I have been exploring the switch from atom to vs code this past week, and I do have to say I like the integrated diff pane and using it as interactive
git adding. It’s a bet more featured than
git add -p (though that is still a great little tool). edit: Still use command-line for all the other stuff. I have to do GPG verification of commits for another project I work on, and this breaks vs code’s commit feature in the GUI pane, probably most other GUIs too.
also random thought for people who are new to git:
git add . and other ways of not interactively checking what you are staging with
git add and staging stuff all at once for commit has ended up biting me and causing a lot of the wonky state stuff infovore is talking about).
It may not be as up to date, but I really like this little chrome extension. It reminds me a bit of the teletype cheatsheet.
i use https://gitextensions.github.io/ - it’s a windows UI (but can run on other platforms via mono). having a visual tree representation really helped figuring out what some of the commands do and, surprisingly, encouraged me to use command-line tools more often. try using git commands wherever possible and use a UI to visually confirm what effect that command had - this really speeds up understanding. i still prefer to do commits via the UI, i like to double check everything before committing (and to make sure all the
print("wtf") have been removed…) and i like how it shows diffs.
one thing that was helpful in the beginning:
git fetch grabs the latest updates from github (or wherever the remote repository lives) to your local copy.
git merge can then be used to merge those changes into your local branches.
git pull does both, for convenience. until you do
git fetch your local repo won’t “know” about the latest updates posted by other contributors, and until you do
git merge the changes will not be applied to your local branch. if you use Git Extensions try doing a
git fetch, then refresh the UI and you will see exactly what is happening.
a possibly useful metaphor: imagine the remote repository as the main office of some company, and your local repo copy as a regional branch.
git fetch - check if there were any new instructions from the main office and get them
git merge - apply those instructions
git commit - prepare your local instructions for the main office to be mailed
git push - mail them to the main office
using this metaphor, until you send your response to the main office (“push”) you can always cancel it (“unstage” in git terms). “commits” in this sense are like separate envelopes. you could create several of them for different changes, and then push them all at once.
There’s an old document called git from the bottom up that helped me. It requires an understanding of a cryptographic hash but not much else.
Here’s a good cheat sheet I keep on my desk.
FWIW, the same drop down can show tags
I can’t agree with this more. I’ve slowly weaned myself off of it and onto the CLI (of necessity), but IMO Gitkraken is the best visual representation/tool I’ve found (and I’ve looked at a lot). I still use it when I a) need a visual representation of the whole history, and b) need to quickly jump around to different files/commits; there’s simply no way a CLI can match this.
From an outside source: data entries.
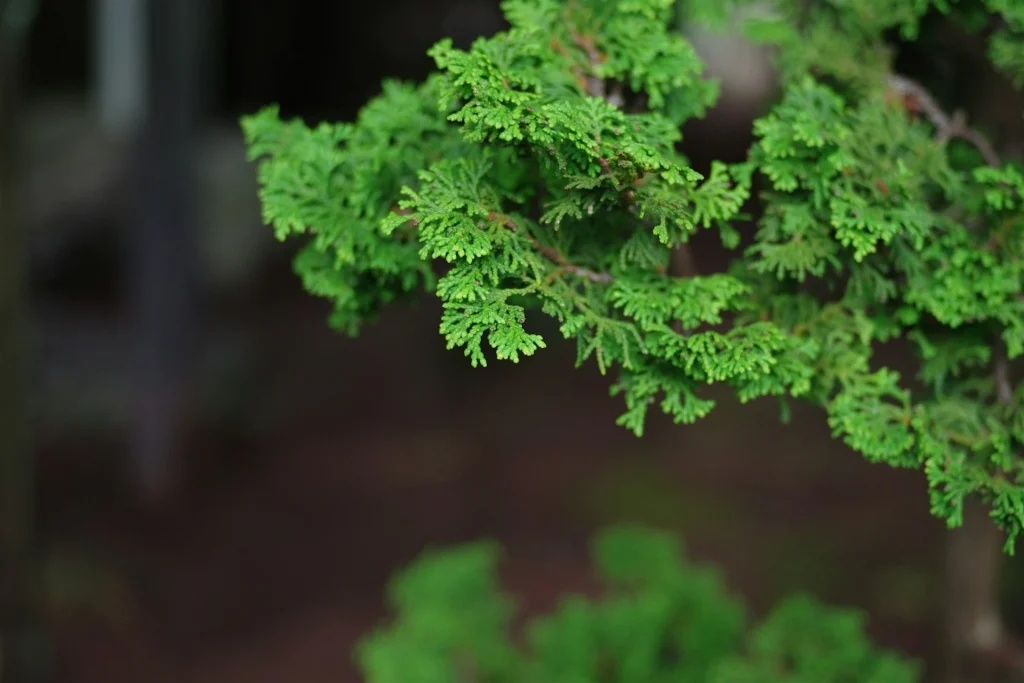 Extreme close-up of juniper bonsai foliage, showing scale-like leaves along the branches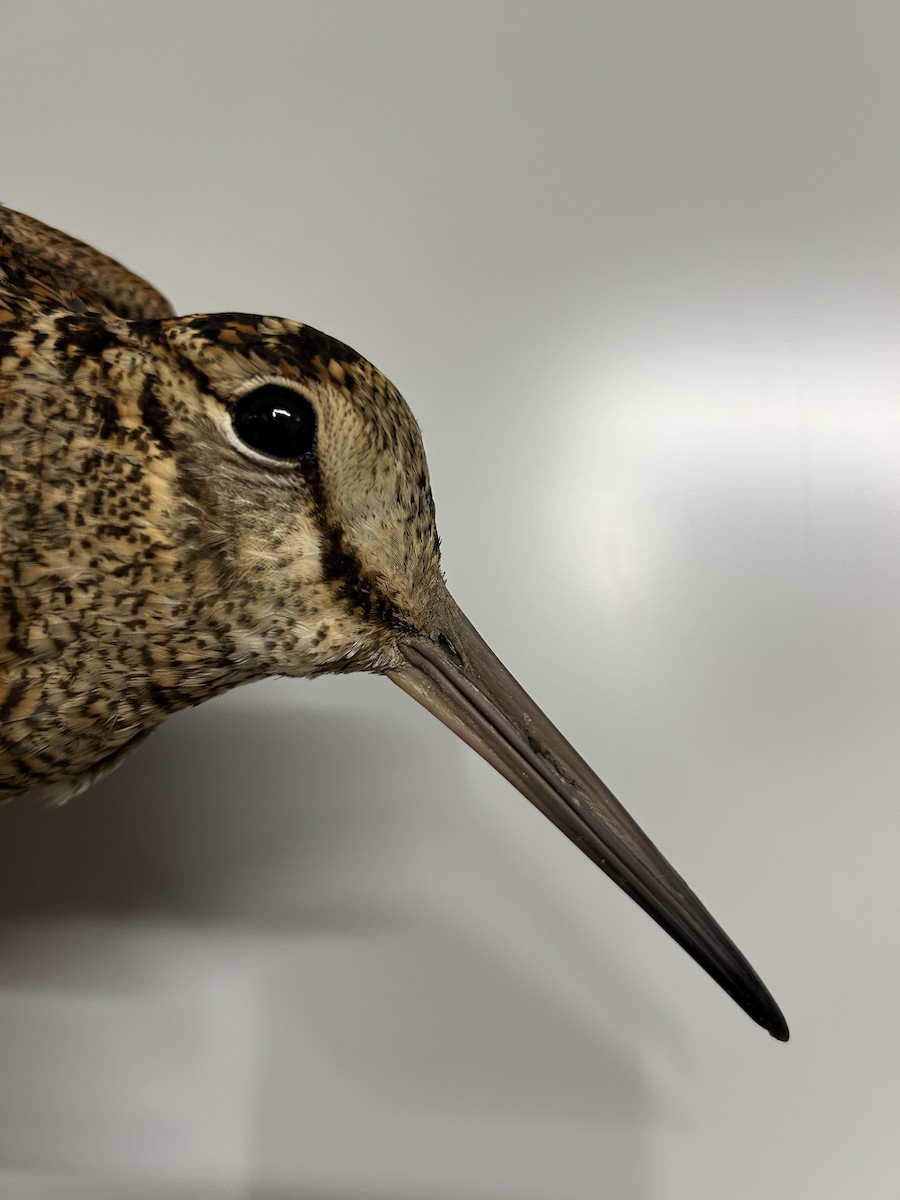 Eurasian Woodcock - ML646856894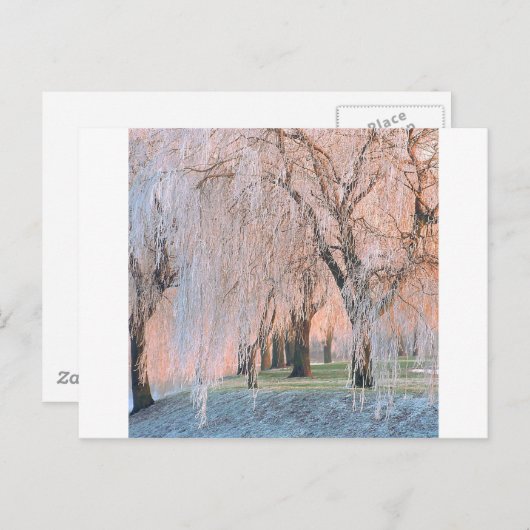 Bäume Ice Covered Willow Postkarte (Vorne/Hinten)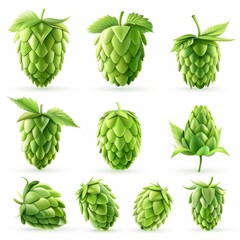 Hop cones icon, beer brewery symbol, humulus lupulus flower cones, hop plant beer manufacturing ingredient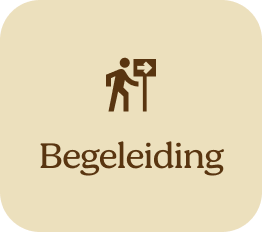 Begeleiding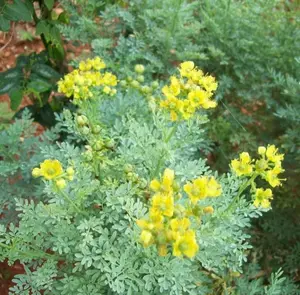 800Pcs Rue Herb Seeds (Ruta Graveolens) – Medicinal & Ornamental Heirloom Plant, Non-GMO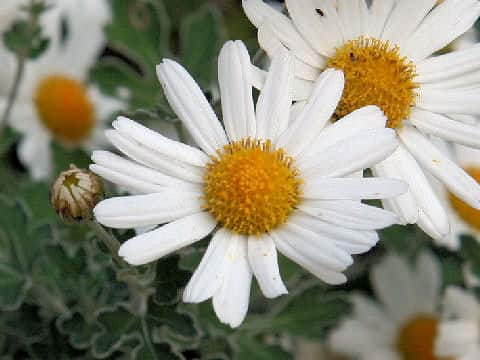 足摺野路菊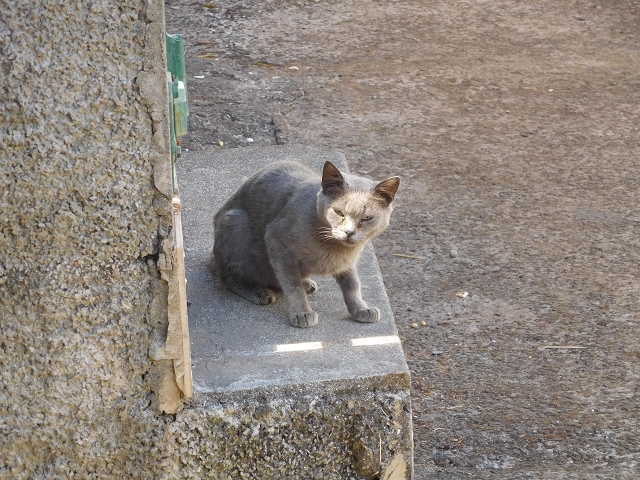 25 July 2015 3 Levadas around Ginjas — Levada da Ribeira do Passo as far as the end — photo 1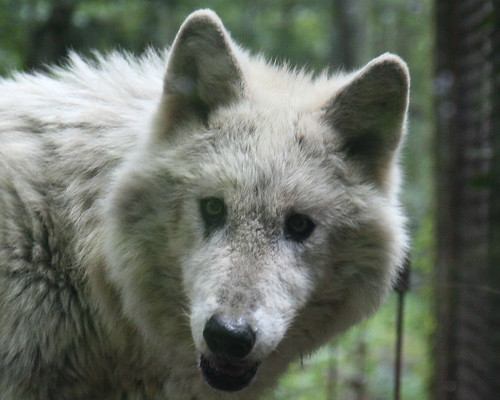 Gray Wolf 6 | by gladiator_girl21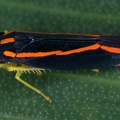 Soosiulus sp  6 2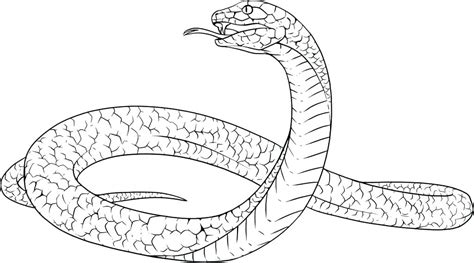 The black mamba's skin is not actually black, it gets its name from the colour of the roof of its mouth. King Cobra Snake Drawing at GetDrawings | Free download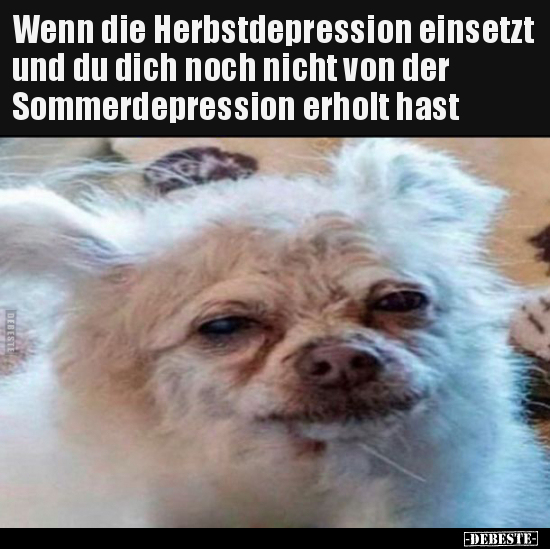 Wenn die Herbstdepression einsetzt und du dich noch nicht.. - Lustige Bilder | DEBESTE.de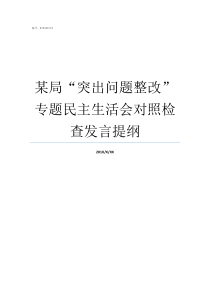 某局突出问题整改专题民主生活会对照检查发言提纲作风突出问题整改台账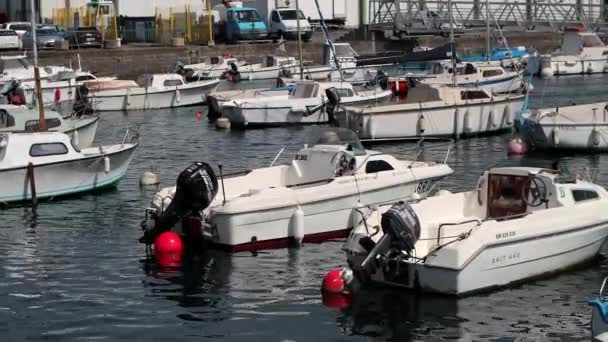 Variedade Pequenos Barcos Ancorados Bóias Flutuam Pacificamente Brest França — Vídeo de Stock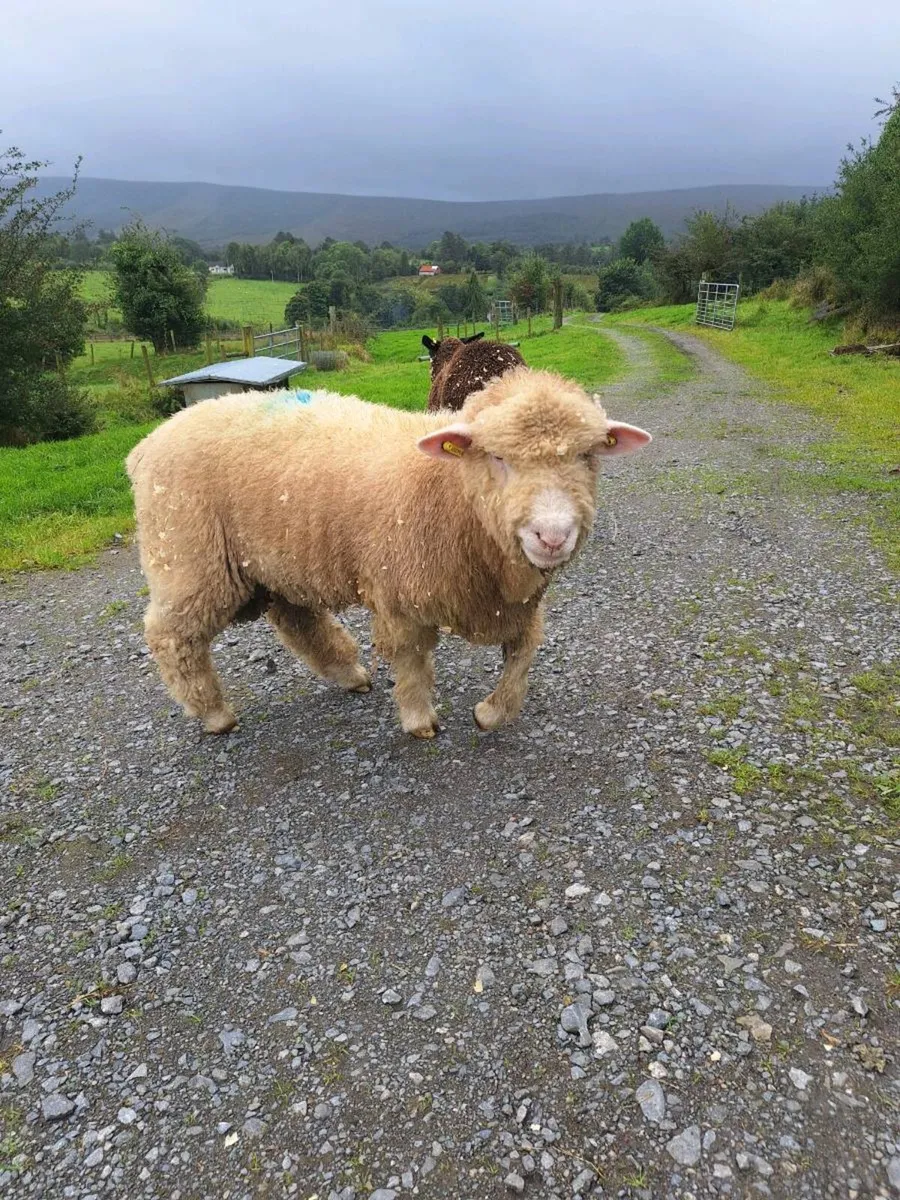 ⭐️🌟Dorset Ram Lamb⭐️🌟 - Image 4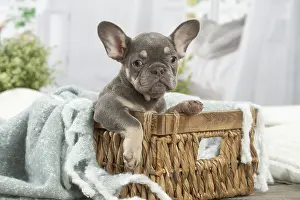 220222: French Bulldog puppy indoors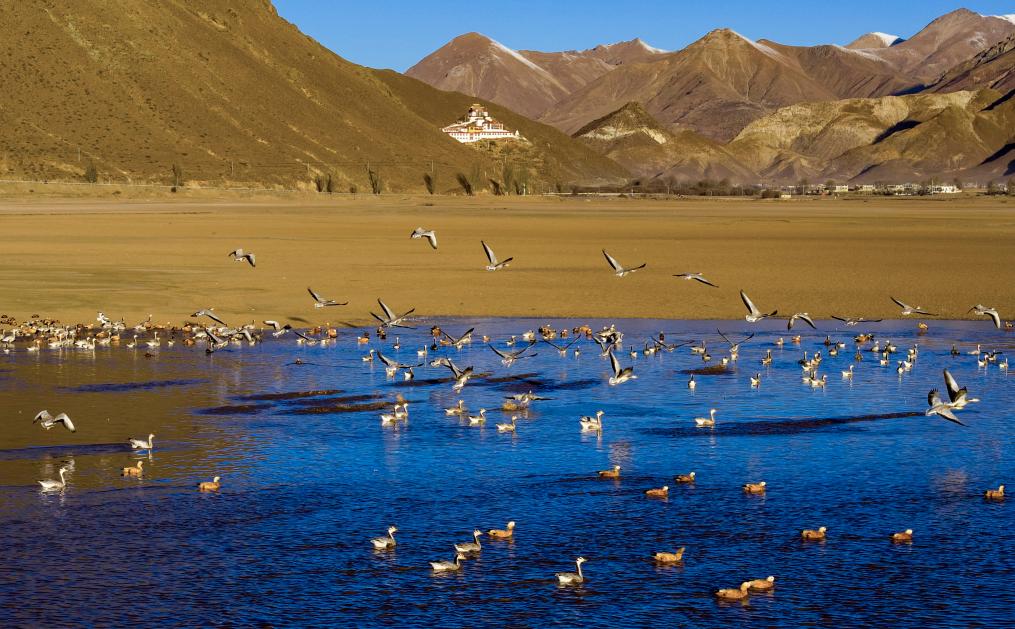 الصورة: طيور مهاجرة في محافظة لينتشو بجنوب غربي الصين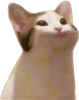 prems0ul's avatar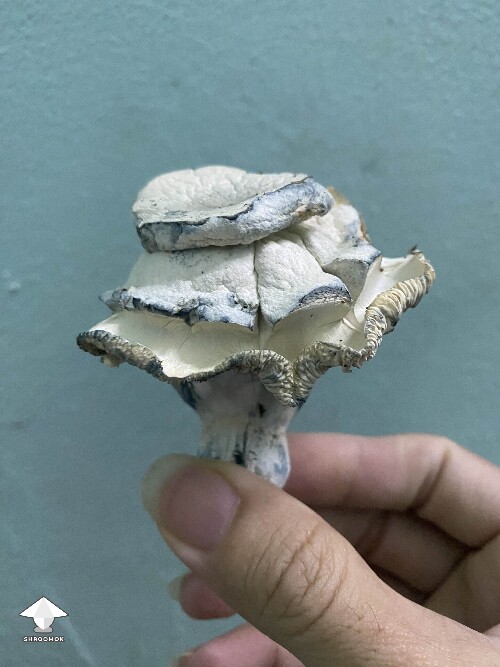 Cubensis White Bunny - rose fruit #3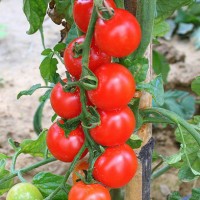 POMODORO CILIEGIA RED BUNCH F1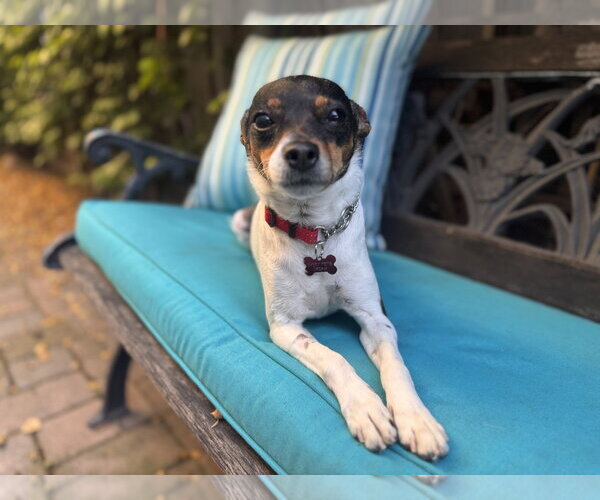 Medium Photo #3 Rat-Cha Puppy For Sale in Santa Clara, CA, USA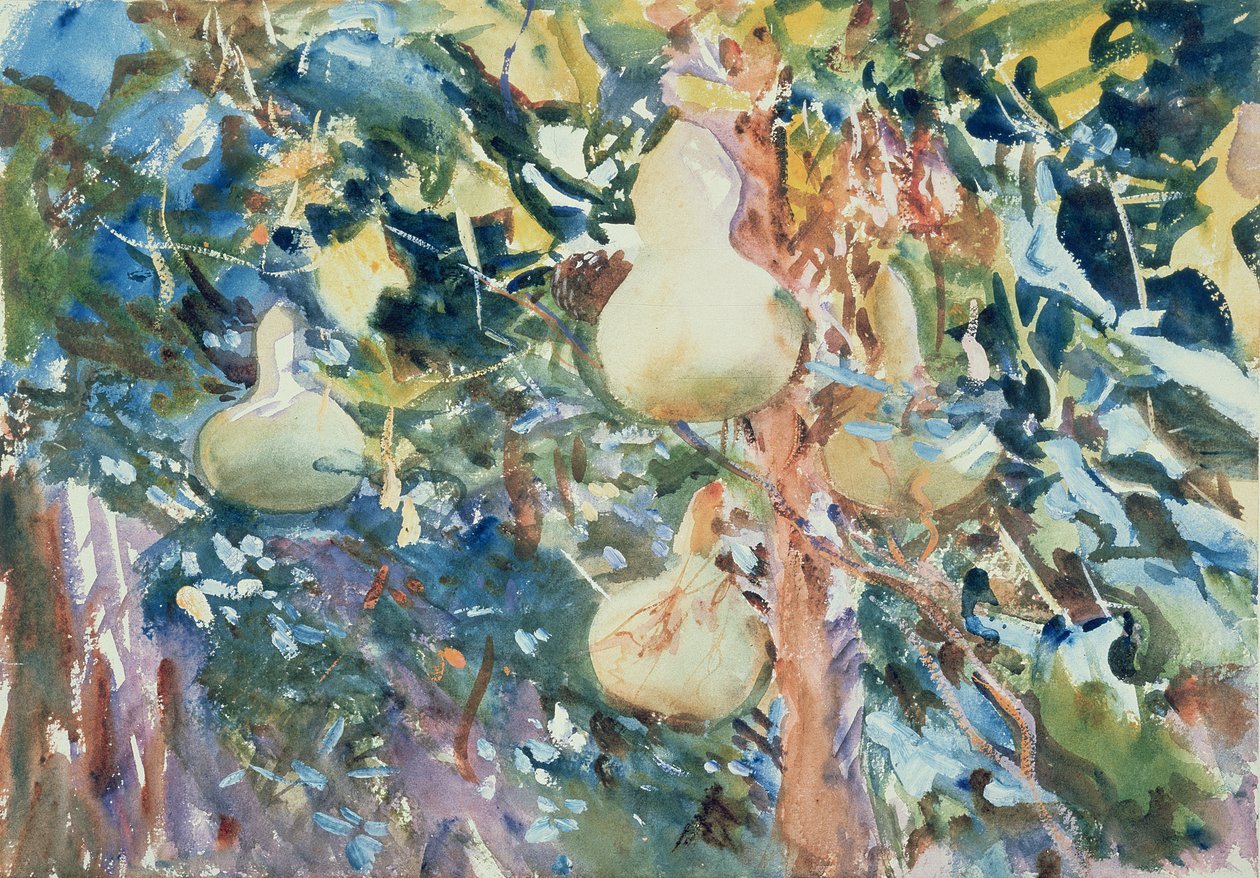 Zucca, c.1905 da John Singer Sargent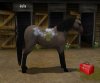 Купить игру Pony Friends 2 (Wii/WiiU) на Nintendo Wii диск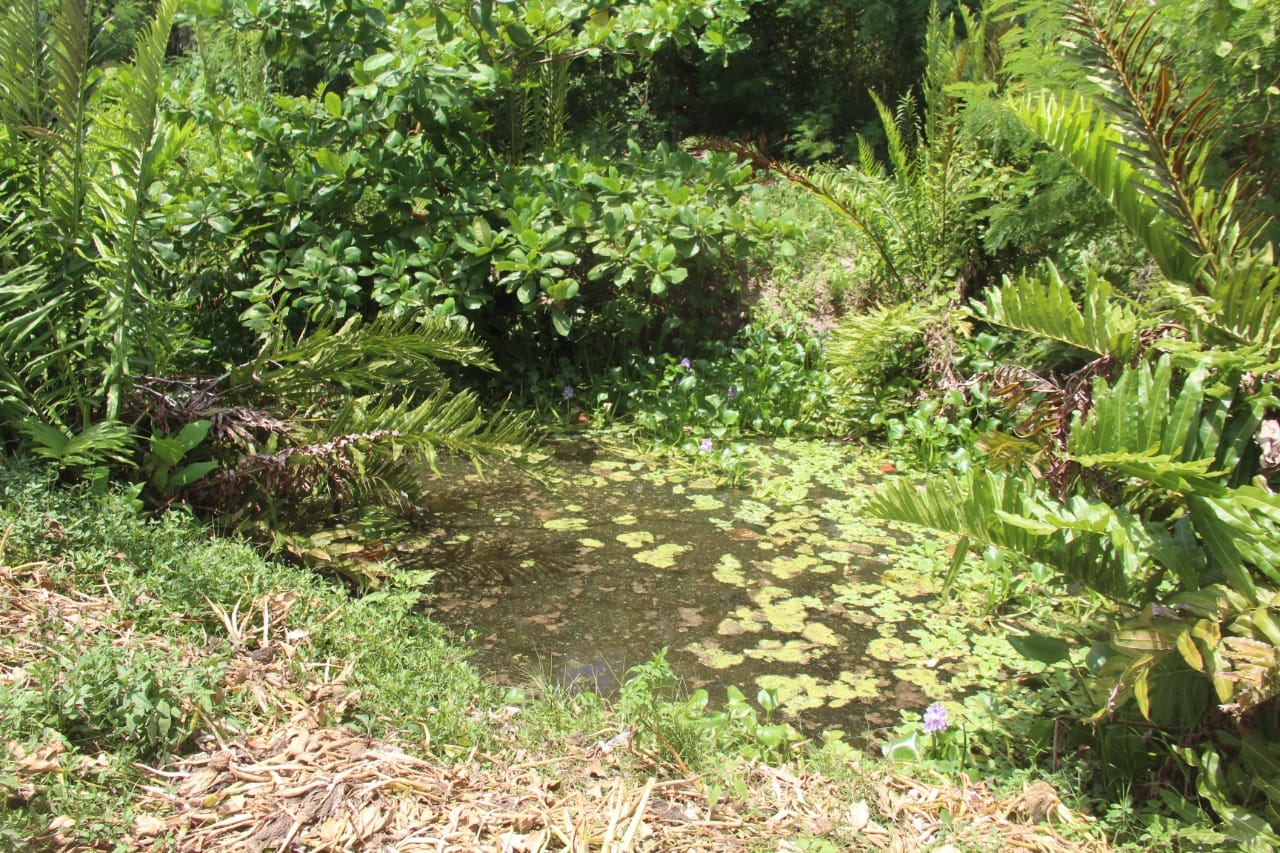 Comité del “Río Chacmuchuch” señala a autoridades de dejar morir la laguna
EDIT: I feel like I should mention that Gitkraken runs equally well on all modern platforms (well, not iOS or Android, but you know what I mean )
Shameless plug; I have a cheat sheet of my own - "
git Beyond The Basics, or What You Need To Know To REALLY Fuck Things Up"
It’s a bit random, and applies to what I need to remember for day-to-day work, but it captures some of the things I really wish someone had told me just after I learned the basics.
PRs, issues, comments (and CORRECTIONS, for sure!) are all welcome (the irony/recursive nature of that statement is not lost on me ).